In response to JoshuaZ's comment, following up with tips for the situations where readers want to remember friends and relatives. Above is a portrait of Gerard Meijssen. Not something I shot (he's in a country where I've never set foot), but a typical snapshot portrait. Today's tips are about things to do for friends and family.
Gerard stands on a balcony, probably because the decision to take the portrait was made indoors. This was the nearest location which had enough natural light to shoot without a flash. Overcast days are good for portraits: diffuse light flatters the skin. It's best to frame the shot so the gray sky remains outside the picture. This is one reason why family photographs that mix scenery with portraiture seldom turn out well: when the light is good for the setting it's usually far too harsh on faces.
Amateur portraits tend to be contrasty. Even though the light is diffuse Gerard's face still has harsh shadows. This happens because no camera responds as well to differences in brightness as the human eye does. For this informal balcony portrait, taken on the spur of the moment, I would have directed Gerard to stand at the far end of the balcony. That would permit the use of a longer lens setting to eliminate the slight wide angle distortion and allow a framing that would have gotten more of the softer tones from the trees and the red brick building. The thing to do would be frame the shot to minimize the gray sky and eliminate the cellular phone store completely (it's colorful but it's distracting). Even a gray sky will be very bright in early afternoon; reframe to minimize sky and the camera would handle the face better.
Also this shot would work better as more of a close-up to minimize the wrinkles on his shirt. This photographer is significantly taller than Gerard. It's unlikely I'd tower over him, but if that happened I'd bend my knees to bring the shot to eye level. Photographers who are vertically challenged do well to remember this tip: it often yields charming results when photographing children.
But...this is what we've actually got to work with. It isn't bad for an amateur portrait. Let's tweak it a little. The first thing I did when I saw it (Gerard was running for the WMF board) was bring out the shadows in his face using the Photoshop shadow/highlight tool. It's a manual adjustment that helps get the facial shadows back to what the human eye would perceive. Also added a mild linear brightness gradient to reduce the shadows globally.

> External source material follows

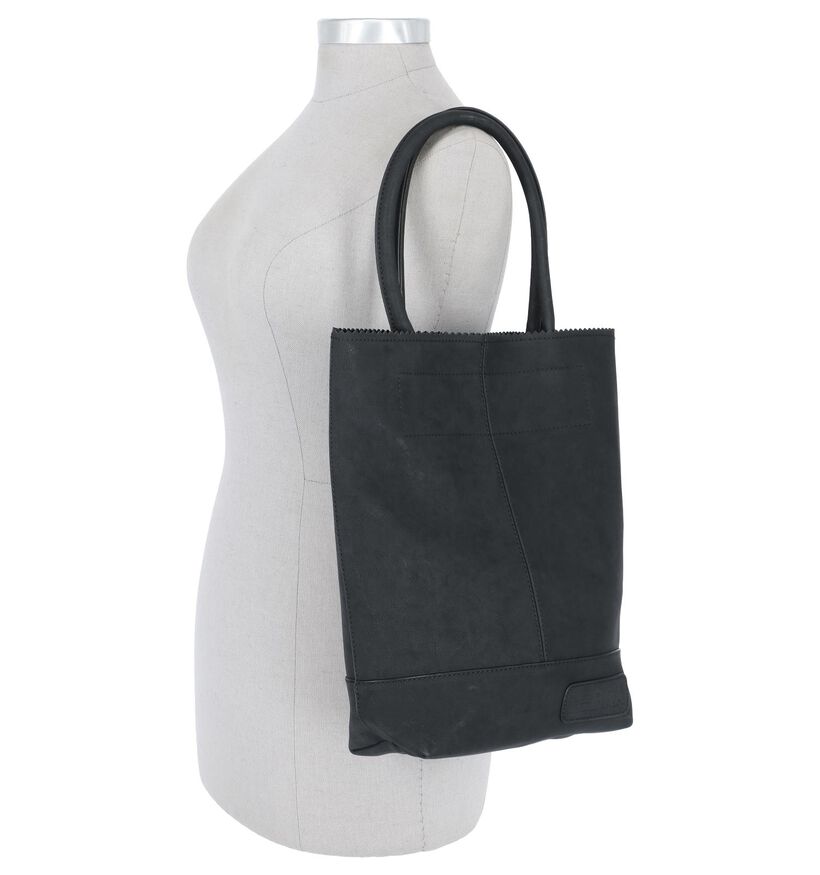 Zebra Natural Bag Zwarte Shopper Tas, , pdp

Here's what resulted.
This type of minor change usually isn't a problem; this version ran at Meta during the latter part of the recent board election where Gerard was a candidate. Suppose we were editing for a private album? Well, for family and friends one can go a little further.
This adds a second gradient mask to put a little blue into the sky. Also brightened the whites of his eyes very slightly. Brightening the eyes is a retouching trick that makes people appear healthier. Also I'd still rather have a closer crop.